Pojawiła się w swoim rodzinnym mieście sama, z zachłannością czasu dla siebie, z przespanymi nocami, z planami, że będzie to i tamto i nie wyszło. Najpierw rzuciła się na skupisko sklepów, wgryzła się w wyczekany i lubiany labirynt z obietnicą znalezienia właściwego, celnie w punkt trafionego czegoś do ubrania, kiedy jej barometr nigdy nie zawodził, kiedy wiedziała co i jak i w jakim rozmiarze i do czego, nagle nie potrafi, gubi się i wychodzi, tracąc cenny czas i minuty słońca. Nie umie bez niego kupić bluzki, bo nie ma tej jego przyprawy wzroku, który powie, że to ta, że wciąż wygląda dobrze, chociaż ona i tak wie, że tak jest, ale potrzebuje lustra koniecznie w nim. Wszystkie szpilki są za wysokie bez niego,  kawy nie ma co pić, bo czas ucieka a najlepiej się pije flat white w towarzystwie brązowych oczu, każdy długi sen niespokojny bo nie ma jego skrzydeł w każdym momencie, kiedy tego potrzebuje, za mała ona na to duże miasto, weszła  w te miejskie wygodne kapcie, które zna na wylot, uwierają bez niego nawet one, chociaż tak dobrze je zna.
Wychodząc, z galerii handlowej wypruła nitkę, która ciągnie za nią  zmielony baobab dający szczęście i zdrowie i naturalne brwi Ani Starmach, szok w czasach pomad, cieni i kredek do brwi, że tak można, to niespotykane, że jeszcze nie padła ofiarą pęsety i wosku. Że wszystkie bluzki mają kaskady buf u dołu rękawów, że są proste i haftowane i do tego nosi się poszarpane dżinsy, właściwie można sobie kupić takie normalne a potem je pociąć i spruć wedle uznania i przy pomocy ostrej tarki do warzyw. I jeszcze dżins i kwiaty i naszycia i w tym wszystkim niemożliwe jest znaleźć granatową spódnicę do kolana, nieco efektowną, z uroczą kontrafałdą, klasyczną i nie uszytą ze sztuczności, no nie ma, jakby ktoś wyeliminował tę część garderoby, też sobie wymyśliła taki relikt, ta ona.

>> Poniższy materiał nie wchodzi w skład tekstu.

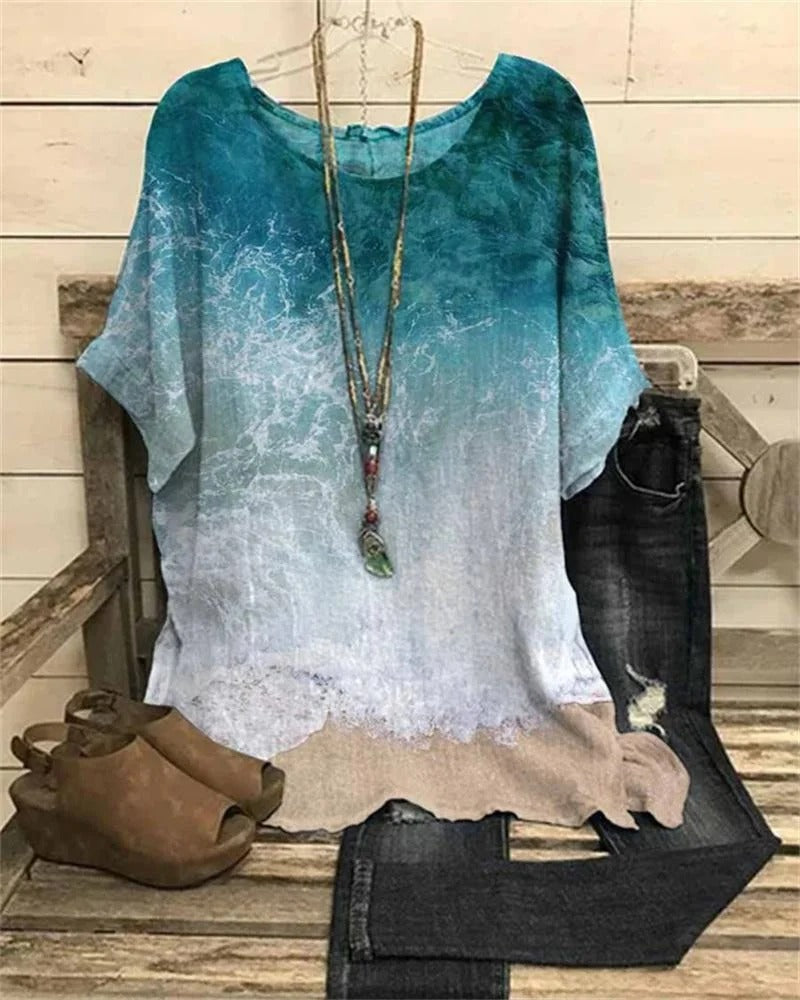 Beach Graphic Print Crew Neck Short Sleeve Blouse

Modny błysk na twarzy. Matowe szminki nude czyli w nietwarzowych beżach, dla wielkoustych i będących na czasie. Ona na czasie nie jest, więc je omija, wierna od lat soczystym różom, w parze z umalowanymi rzęsami wyglądają naprawdę nieźle. Więc ta Łódź taka wyczekana a na obrzeżach dni nijaka, ulice nabrzmiałe od wspomnień, przebudowanych jak ulice, zatartych jak napisy po knajpach, których już nie ma. 
Dlatego od teraz już na pewno wie, że tam, gdzie rośnie jej dom, misternie teraz dba o wygląd jego środka, a na zewnątrz sadzi begonie, dalie i surfinie, aby dać się zatonąć w kwiatach i słońcu już niedługo. I nie ma w nim sproszkowanego baobabu.